= International Pentecostal Church of Christ =

The International Pentecostal Church of Christ (or IPCC) is a Wesleyan/Pentecostal organization formed in 1976 by the merger of two Pentecostal organizations. In 1907, Gaston B. Cashwell, called the Apostle of Pentecost in the South, founded a periodical called The Bridegroom's Messenger, in Atlanta, Georgia. About the same time, Paul and Hattie Barth started a church. The Barths became editors of The Bridegroom's Messenger. In 1918, they began Beulah Heights Bible School in Atlanta, and in 1921 they organized an association that became the International Pentecostal Assemblies. John Stroup, a member of the Methodist Protestant Church, professed receiving the baptism of the Holy Ghost in 1908. Stroup was one of the first individuals to take the Pentecostal message into southern Ohio and parts of Kentucky.

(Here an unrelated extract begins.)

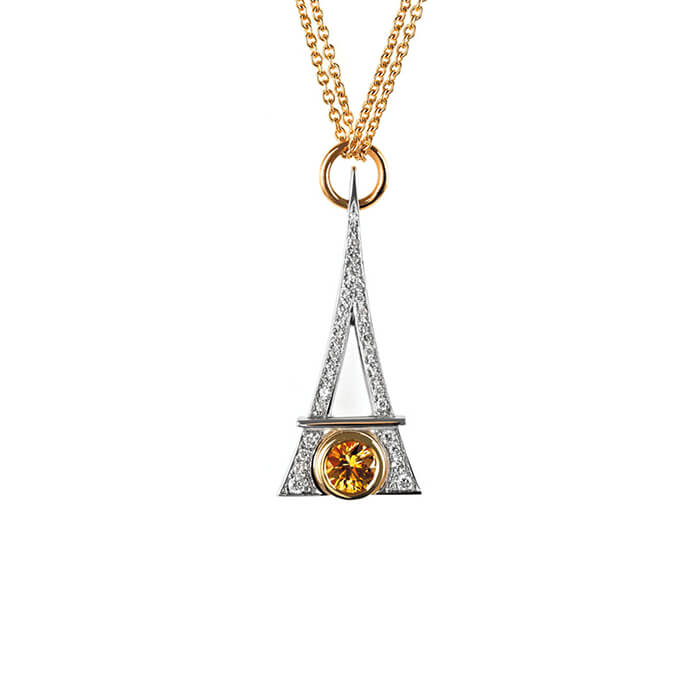 Pendentif “Eiffel” en or jaune, saphir jaune et pavés diamants – ERIC HUMBERT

He organized the Pentecostal Church of Christ in Flatwoods, Kentucky in 1917. The body originally headquartered in Ashland, Kentucky, and later in London, Ohio. In 1976, the International Pentecostal Assemblies and the Pentecostal Church of Christ merged to become the International Pentecostal Church of Christ. Headquarters are located in London, Ohio. The church operates a youth camp, and the Global Missions Department, the National Youth Department and Women's Ministries. Doctrines are detailed in a 19-article Statement of Faith ranging from the inspiration of the Scriptures to tithes and offerings. The IPCC is one of a few Pentecostal and Evangelical denominations to elevate the issue of racism to their statement of faith. The church holds two ordinances - water baptism by immersion, and holy communion. The denomination has two practices that are encouraged within the local church - foot washing, and child dedication. The body is Trinitarian and, like many Pentecostal bodies, holds that speaking in tongues is the initial evidence of Baptism with the Holy Spirit. Its affiliations are with the Pentecostal/Charismatic Churches of North America, Pentecostal World Conference, a charter member of the National Association of Evangelicals, and the World Evangelical Fellowship. In 2003, the denomination had 4,961 members in 67 churches. Nearly half of its congregations are located in Ohio. The rest are concentrated primarily in Kentucky, Virginia, West Virginia, and North Carolina. By 2010, the IPCC had dropped to 3,756 members in 62 churches.